DEV Community

Aisalkyn Aidarova
Aisalkyn Aidarova

Posted on • Edited on

interview questions and answers

What is OPA (Open Policy Agent)?

OPA is a Policy-as-Code engine.
It allows you to write rules that allow or deny something.

Instead of manually checking security, access, or configuration, OPA enforces rules automatically.

Example real situations:

  • "Do not allow public S3 buckets"
  • "Do not allow SSH open to 0.0.0.0/0"
  • "Only approved users can deploy to production"
  • "Every resource must have cost and owner tags"

OPA works everywhere: Kubernetes, AWS services, microservices, APIs, etc.


What is Rego?

Rego is the language used to write OPA policies.

If OPA is the engine,
Rego is the language that tells the engine what to do.

Rego reads:

  • input = information about the request/resource
  • rules = your conditions
  • decision = allow or deny

Where OPA is Used in AWS

Location Purpose Tool
EKS / Kubernetes Block bad deployments OPA Gatekeeper
Terraform Deployment Pipeline Block non-compliant AWS resources before creation opa eval in CI/CD
AWS Accounts Compliance Detect & auto-fix violations AWS Config + EventBridge + OPA
API Security Decide whether a request is allowed OPA sidecar / Envoy

Real Interview-Ready Example (Clear & Simple)

Most recent real example

In my last project, I used OPA to enforce no public S3 buckets across multiple AWS accounts.

Why?
SecurityHub kept reporting public buckets → that is a major data leakage risk.

What I did:

  1. Wrote a Rego policy that checks bucket ACL and encryption.
  2. Integrated it with AWS Config + EventBridge.
  3. If a bucket becomes public:
  • It immediately triggers remediation.
  • ACL is reset to private.
  • Encryption is enabled.

Outcome:

  • Public buckets reduced to zero
  • SecurityHub compliance scores increased
  • Passed internal audit successfully

Say this in the interview — it is perfect.


What AWS Resources I Wrote OPA Policies For

  • S3 (prevent public access, enforce encryption)
  • EC2 (enforce tags, restrict AMIs to approved ones)
  • Security Groups (deny 0.0.0.0/0 for SSH or DB ports)
  • IAM Roles (restrict privileged policies)
  • EKS deployments (no privileged containers, required labels, prevent host networking)

How I Integrate OPA with EKS, API Gateway, IAM

EKS

I deploy OPA Gatekeeper → it checks Kubernetes manifests before they are applied.
If the manifest violates policy → deployment is blocked.

CI/CD (Terraform)

OPA evaluates terraform plan.
If the plan tries to create a non-compliant resource → pipeline fails.

AWS Config + EventBridge

Used for continuous monitoring and auto-remediation of live AWS resources.

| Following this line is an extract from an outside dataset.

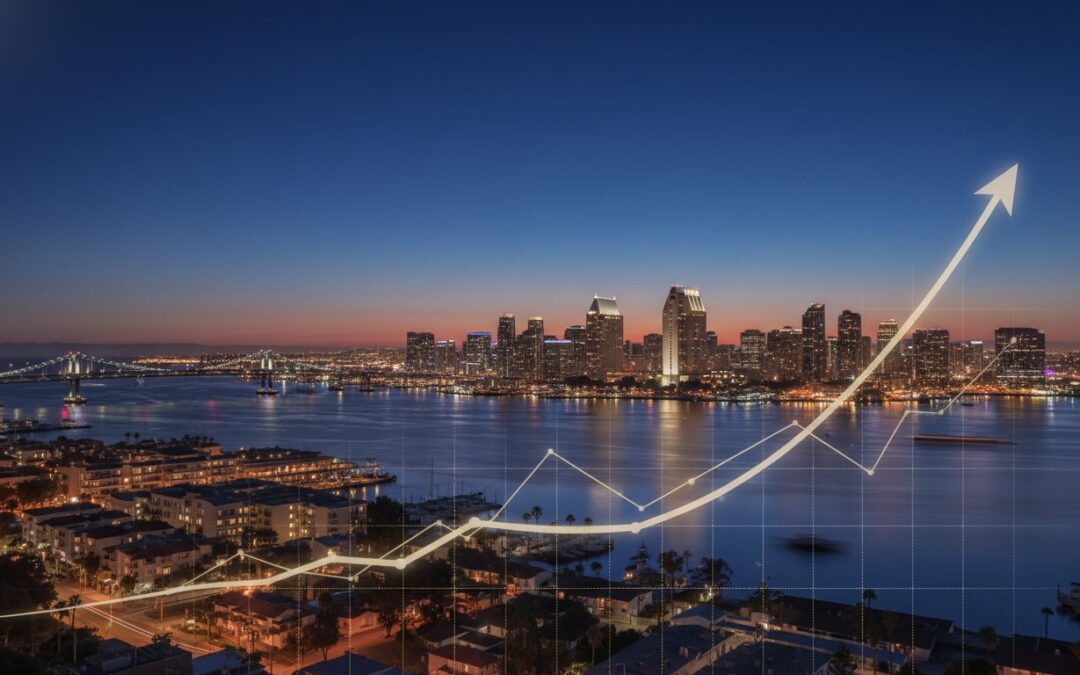 Southern California Housing Market: Forecast & Trends for 2026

How I Test and Validate OPA Policies

Step What I Do Purpose
1. Unit Tests (opa test) Test policy logic locally Find mistakes early
2. Dry-Run Mode Run policy in audit mode first Avoid production impact
3. CI/CD Integration Validate during Terraform/K8s deployment Prevent bad infrastructure release

This shows control and safe rollout — interviewers like that.


Tools I Use to Manage OPA

  • Terraform → to deploy OPA/Gatekeeper configurations
  • GitHub Actions / Jenkins → to run policy checks in CI/CD
  • Argo CD → to sync policies to multiple clusters
  • AWS Config / SecurityHub → continuous evaluation

How I Version, Audit, and Roll Back Policies

  • All policies stored in Git
  • Every change goes through Pull Request review
  • CI automatically tests before merging
  • Git history gives traceability and audit record
  • If a policy causes issues → simply rollback commit

Debugging OPA (Important Answer)

When a policy blocks something unexpectedly:

  1. I use opa eval --explain=full to see why.
  2. For Gatekeeper, I check audit logs to see which rule triggered.
  3. I adjust conditions to be more specific.

This shows controlled troubleshooting.


Performance Optimization

To keep OPA fast:

  • Avoid nested loops
  • Store lookup data in data (OPA's memory store)
  • Reuse computed logic instead of recalculating

This prevents OPA becoming slow in high-traffic systems.


Deploying OPA in Microservices (API Security)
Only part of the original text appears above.